**Provided data:**
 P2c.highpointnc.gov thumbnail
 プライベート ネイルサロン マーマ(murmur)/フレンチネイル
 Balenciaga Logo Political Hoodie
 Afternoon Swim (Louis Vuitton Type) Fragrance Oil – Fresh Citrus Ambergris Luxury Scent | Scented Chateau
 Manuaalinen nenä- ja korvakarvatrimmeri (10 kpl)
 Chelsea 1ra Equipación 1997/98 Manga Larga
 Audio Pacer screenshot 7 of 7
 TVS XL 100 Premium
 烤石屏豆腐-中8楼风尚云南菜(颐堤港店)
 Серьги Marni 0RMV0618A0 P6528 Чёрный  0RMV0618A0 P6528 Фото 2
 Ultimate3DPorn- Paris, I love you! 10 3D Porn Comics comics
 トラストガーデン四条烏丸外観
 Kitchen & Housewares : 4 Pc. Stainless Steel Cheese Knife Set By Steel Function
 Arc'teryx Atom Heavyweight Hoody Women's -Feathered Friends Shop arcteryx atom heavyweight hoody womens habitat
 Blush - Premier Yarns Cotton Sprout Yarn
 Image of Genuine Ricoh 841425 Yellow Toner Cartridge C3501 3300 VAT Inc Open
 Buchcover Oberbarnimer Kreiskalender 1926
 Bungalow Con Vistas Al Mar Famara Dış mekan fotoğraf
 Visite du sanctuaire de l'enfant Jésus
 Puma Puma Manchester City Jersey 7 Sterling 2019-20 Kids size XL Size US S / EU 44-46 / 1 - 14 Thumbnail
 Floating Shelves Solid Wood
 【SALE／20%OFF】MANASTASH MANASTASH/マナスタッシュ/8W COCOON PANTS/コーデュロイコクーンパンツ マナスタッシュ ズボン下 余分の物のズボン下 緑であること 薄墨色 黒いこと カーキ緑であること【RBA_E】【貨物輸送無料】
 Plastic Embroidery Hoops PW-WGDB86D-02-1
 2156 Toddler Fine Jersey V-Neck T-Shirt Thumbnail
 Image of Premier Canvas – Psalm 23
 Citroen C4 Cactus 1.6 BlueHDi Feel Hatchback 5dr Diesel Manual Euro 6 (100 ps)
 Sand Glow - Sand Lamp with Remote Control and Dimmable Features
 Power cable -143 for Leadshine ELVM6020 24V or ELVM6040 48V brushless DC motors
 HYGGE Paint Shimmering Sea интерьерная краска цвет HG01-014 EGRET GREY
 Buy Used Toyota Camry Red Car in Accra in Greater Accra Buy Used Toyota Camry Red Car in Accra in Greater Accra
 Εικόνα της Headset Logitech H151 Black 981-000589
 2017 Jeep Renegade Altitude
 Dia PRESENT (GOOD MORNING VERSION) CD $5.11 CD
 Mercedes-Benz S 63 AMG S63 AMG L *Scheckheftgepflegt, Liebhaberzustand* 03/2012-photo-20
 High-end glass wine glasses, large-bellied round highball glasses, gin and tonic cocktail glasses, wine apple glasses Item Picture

**To do:** After locating the line with "Dia PRESENT (GOOD", output that line and every later one exactly, through the end of the entries above.

**The answer:**
 Dia PRESENT (GOOD MORNING VERSION) CD $5.11 CD
 Mercedes-Benz S 63 AMG S63 AMG L *Scheckheftgepflegt, Liebhaberzustand* 03/2012-photo-20
 High-end glass wine glasses, large-bellied round highball glasses, gin and tonic cocktail glasses, wine apple glasses Item Picture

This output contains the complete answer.